• [Assignment]: Could you retype the material, starting at its first line and ending with the line holding "HMHS BRITANNIC OCEAN", and keep the pictures out?
==========
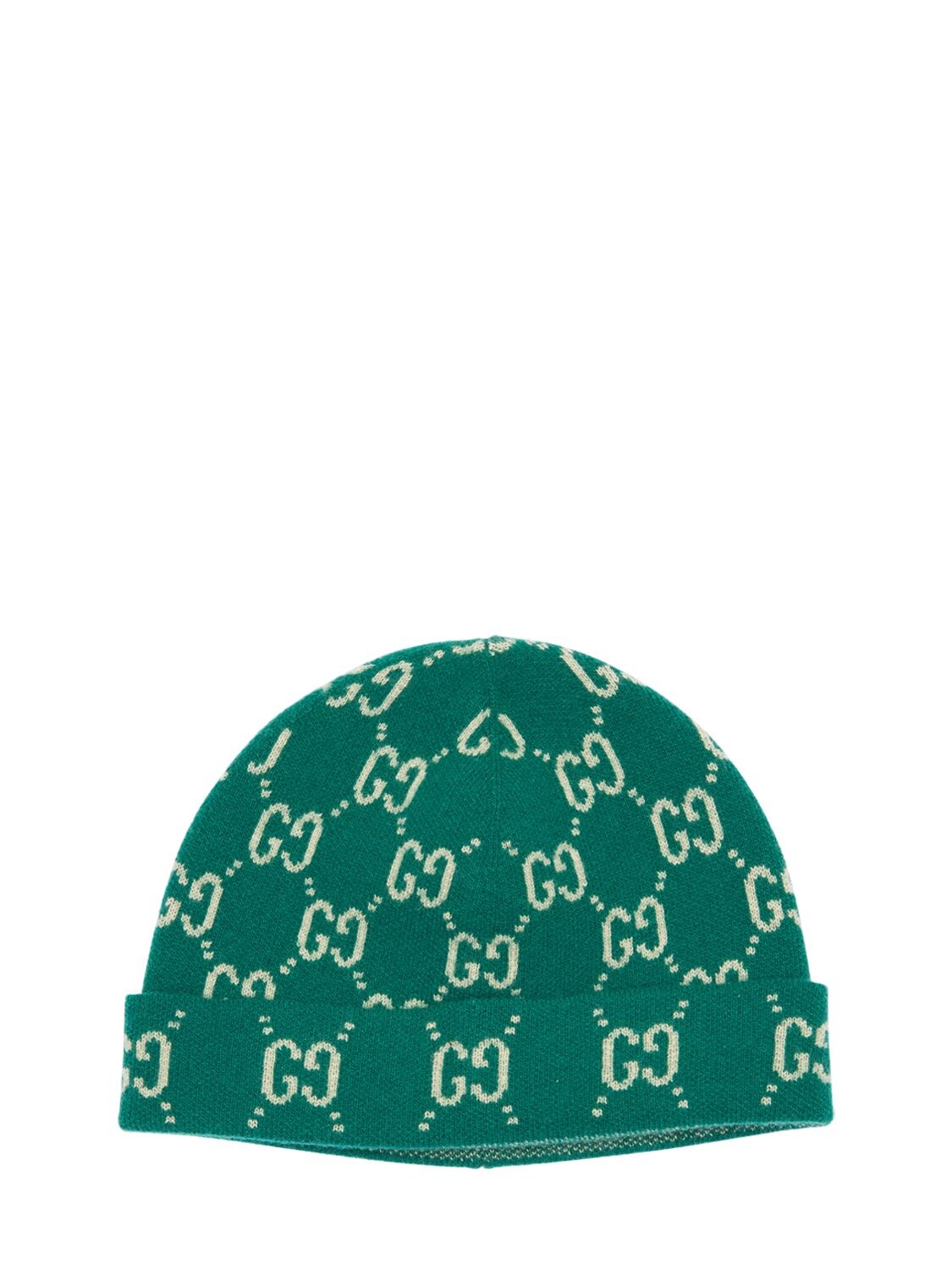 Gucci Babies' Knit Wool Hat W/ Intarsia Logo In Green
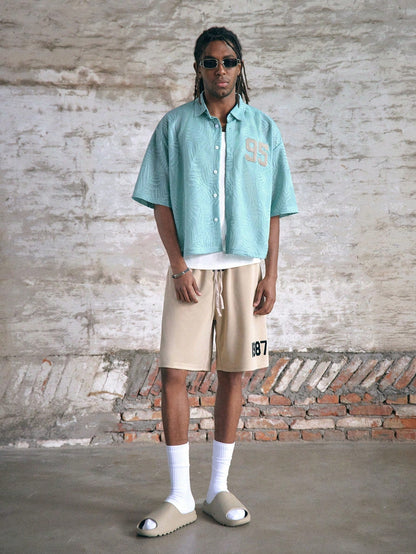 Camisa StreetEZ Manga Curta com Jacquard de Folhas Tricotada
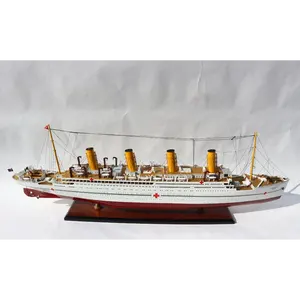 HMHS BRITANNIC OCEAN CRUISE SHIP LINER - WOODEN SHIP MODEL 40" FOR DECORATION - HANDICRAFT DISPLAY CRUISE SHIP MODEL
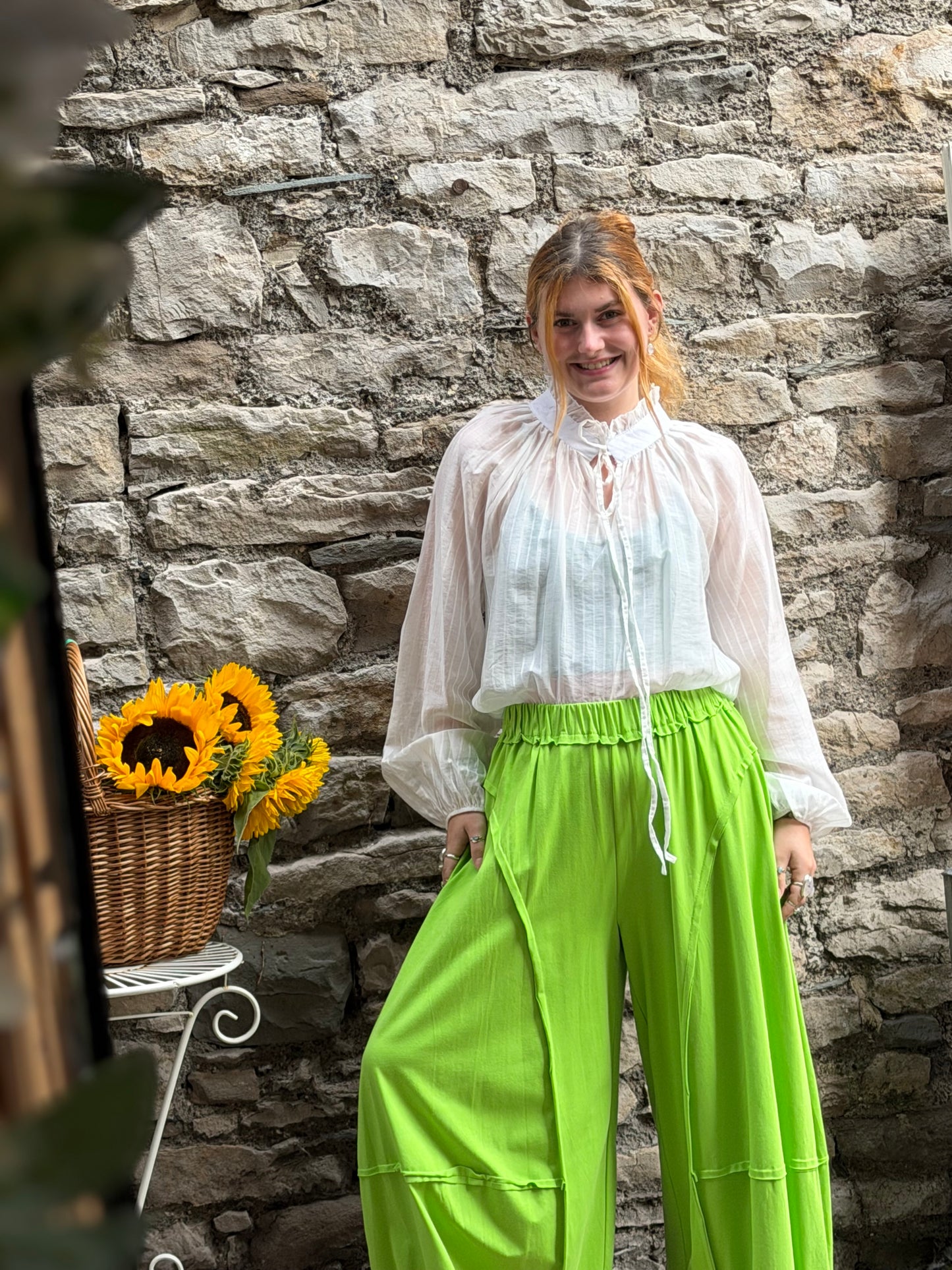 Wide Leg Green Soft Fabric Trousers Fits Size 8-24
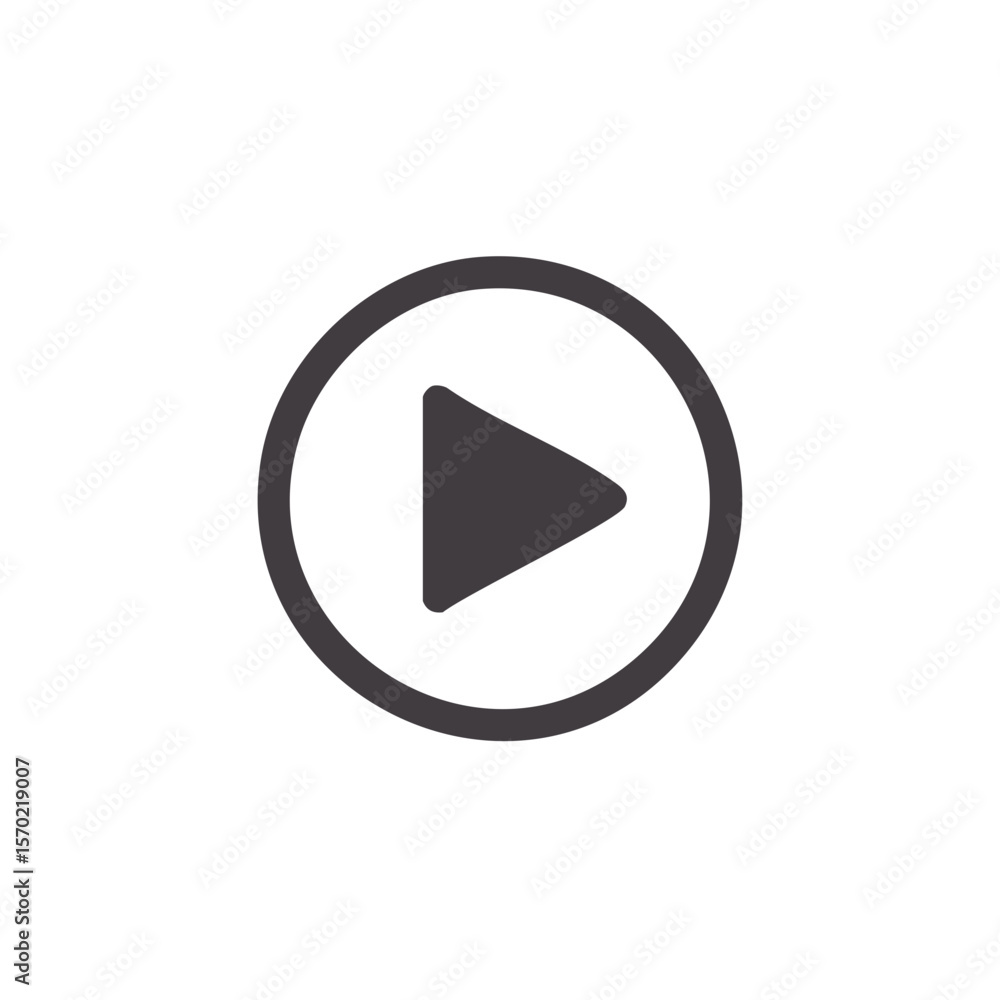 Poster dark multimedia play button icon graphic design with a simple vector shape on black background for o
==========
• [Completed task]:
 Gucci Babies' Knit Wool Hat W/ Intarsia Logo In Green
 Camisa StreetEZ Manga Curta com Jacquard de Folhas Tricotada
 HMHS BRITANNIC OCEAN CRUISE SHIP LINER - WOODEN SHIP MODEL 40" FOR DECORATION - HANDICRAFT DISPLAY CRUISE SHIP MODEL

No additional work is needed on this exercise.